Environ 50 000 civils ont
été tués –
environ 10 000 de plus que ceux qui ont péri dans la
tempête de feu de
Hambourg et 20 000 de plus que ceux tués
au cours des huit mois de « blitz » sur la
Grande-Bretagne. Un nombre
incalculable de personnes se sont retrouvées sans abri. Les
pertes
parmi les bombardiers britanniques et américains ont
été négligeables –
l'Allemagne avait déjà perdu la France aux mains des
forces
expéditionnaires alliées, ce qui avait créé
un trou béant dans le
système
radar d'alerte précoce de Hitler et donné à la
RAF une supériorité
opérationnelle incontestée.[17]
Étonnamment, voire incroyablement, Dresde a de
nouveau été attaquée
le 2 mars, cette fois par les Américains seulement.
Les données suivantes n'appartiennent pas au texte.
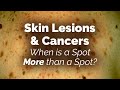 Skin Lesions and Cancers: When is a Spot More than a Spot?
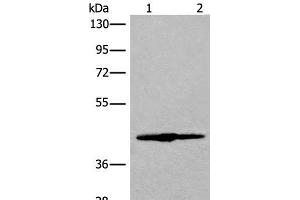 Western blot analysis of 293T cell lysate using IVD Polyclonal Antibody at dilution of 1:500 (IVD anticorps)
Des
avions de
chasse Mustang qui escortaient les bombardiers ont mitraillé les
civils
qui fuyaient tandis que les gros bombardiers B-17 se sont
particulièrement distingués par le fait qu'ils ont
coulé un
navire-hôpital
sur l'Elbe, où se trouvaient des blessés provenant des
raids précédents.[18]
Dresde après le bombardement allié de 1945
Dresde n'avait aucune raffinerie de pétrole ni
d'usine d'essence
synthétique, contrairement à Brux au sud ou à
Bohlen, Ruhland et
Politz qui sont restées intactes au nord et à l'ouest de
la ville
condamnée. Dresde ne figurait non plus sur aucune liste de
cibles
prioritaires publiée chaque semaine par le Comité
conjoint des
objectifs stratégiques.
Aucune justification militaire des raids américains et
britanniques
n'existait, les seuls dommages à la « production de
guerre » ont été la
destruction d'une usine de fabrication de cigares et cigarettes.[19]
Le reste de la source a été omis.